Problem
All of the listing is to be written out word for word, with the pictures left out.

Dataset extract

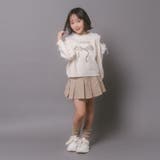 【CHIPIE/シピ】カットショルダーリボン刺繍ニット | URBAN CHERRY | 詳細画像50 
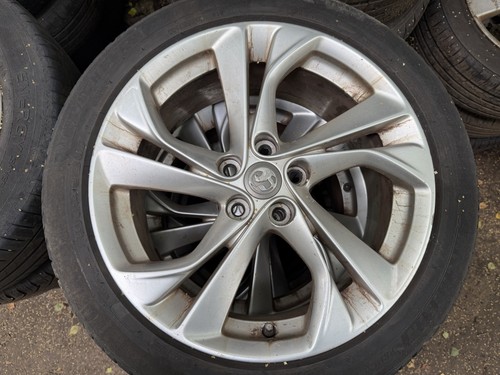 Vauxhall astra alloy - , k
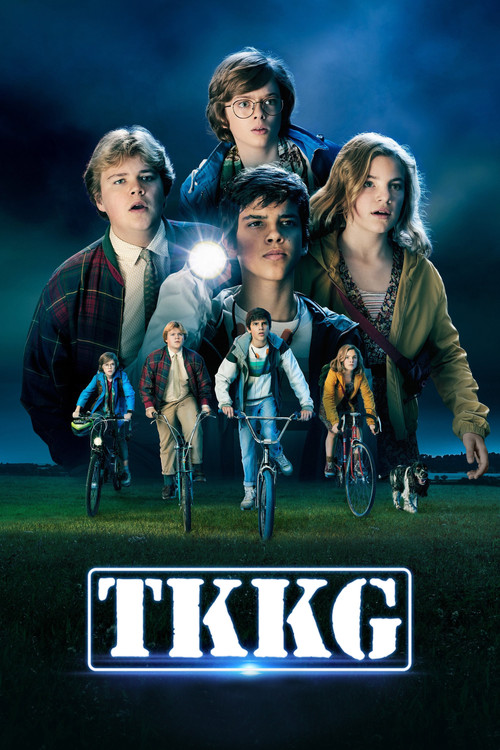 TKKG (2019) poster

Problem solution
 【CHIPIE/シピ】カットショルダーリボン刺繍ニット | URBAN CHERRY | 詳細画像50 
 Vauxhall astra alloy - , k
 TKKG (2019) poster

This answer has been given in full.